If Skinner isn’t playing with Eichel, he will almost certainly receive action beside Casey Mittelstadt, one of the NHL’s top center prospects. On the blue line, the Sabres have No. 1 overall pick Rasmus Dahlin, perhaps the best young defenseman in decades.
“First and foremost, the young group of players they have, the young core is exciting,” Skinner said of why he approved a trade to the Sabres. “There’s a lot of good players. I’m excited to join those guys and be a piece of the puzzle to them.
“After that, I think you try to do your homework based on sort of guys that have played there, maybe guys that you know. … I’ve heard a lot of positive things about the city, a lot of positive things about the ownership group, management group and the fans.”
Skinner, 26, doesn’t know Eichel and said playing beside “one of the top centermen in the league” would be coach Phil Housley’s decision.
“I’m excited to get to know him and get to meet him,” Skinner said of Eichel on a conference call Friday.
Skinner, a Toronto native, said “yes and no” when asked if the proximity to his home factored in coming to the Sabres.
“It’s a positive, all things considered,” he said. “My family’s excited. But I think, for me, when you sort of rank priorities and weigh everything that goes into it … it’s nice to be close to family, it’s nice to be close to friends. I’ve gotten a lot of texts and people are excited.
“But for me, I think the focus is winning and having a good season and right now coming into camp … to sort of start on the right foot.”
Skinner hasn’t done much winning. In eight NHL seasons, he has played zero playoff games. The Hurricanes have morphed into perhaps the league’s most irrelevant franchise.
While Skinner wouldn’t say if he wanted a fresh start, he and the Hurricanes agreed after last season a trade would be best for the former Calder Trophy winner.
“I enjoyed my time in Carolina,” said Skinner, who was dished for forward prospect Cliff Pu, a second-round pick in 2019 and third- and sixth-round selections in 2020. “I made a lot of great friends. I got to play with a lot of great players and work with a lot of great staff in the organization. It’s frustrating for sure not sort of reaching your goal. …
“But I think when you look at it, sort of moving forward on that basis, it’s exciting for me, and that’s the way you can look at it, is that it is going to be a fresh start.”

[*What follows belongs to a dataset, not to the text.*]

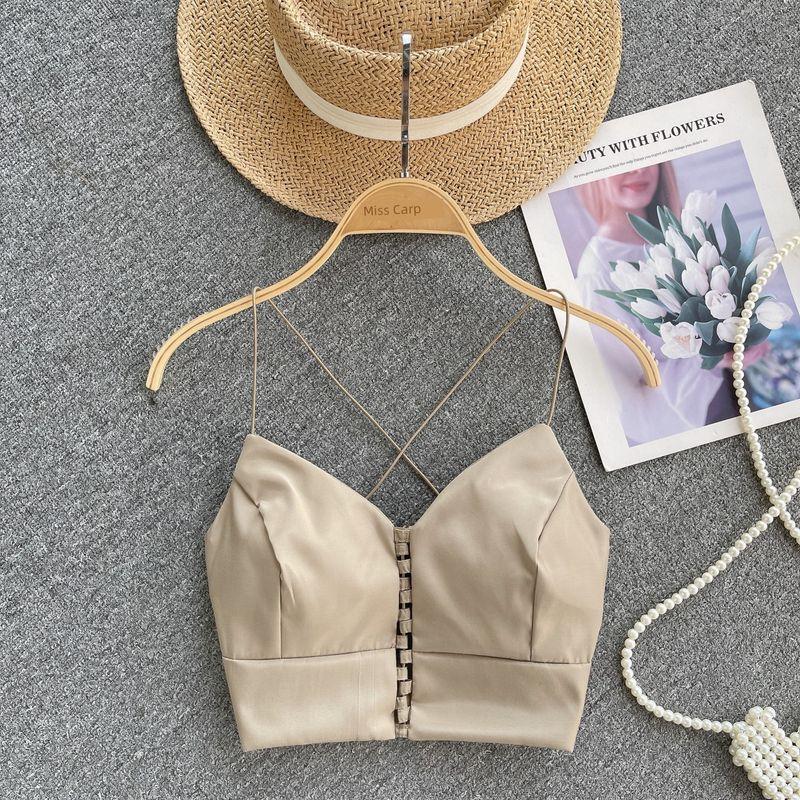 

Fashion Sexy Style Camisole Women s Sexy Beauty Back Silm Short Crop Top Easiest for Match Tops 2024 Early Spring New Arrival Khaki All yards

Naturally, the Sabres will look to Skinner for leadership. Sabres general manager Jason Botterill lauded his professionalism discussing the trade Thursday.
Having played 579 NHL contests, Skinner ranks fourth in games played among Sabres forwards, trailing only Jason Pominville (987 appearances), Patrik Berglund (694) and Kyle Okposo (670).
Only one other player on the roster, Pominville, has scored 30 goals in a season.
“You want to continually grow that as a person, as you mature as a person and a player,” Skinner said. “You want to pass on to young guys as much as you can anything you may have picked up, and anything that may help the team in the future. I’m excited to bring that to Buffalo.”
But how long will Skinner be in Buffalo? If he doesn’t fit well or the Sabres struggle, they could dish him before the trade deadline.
Skinner said he hasn’t thought about a possible contract extension yet.
“Obviously, the last 24 to 48 hours have been busy,” he said.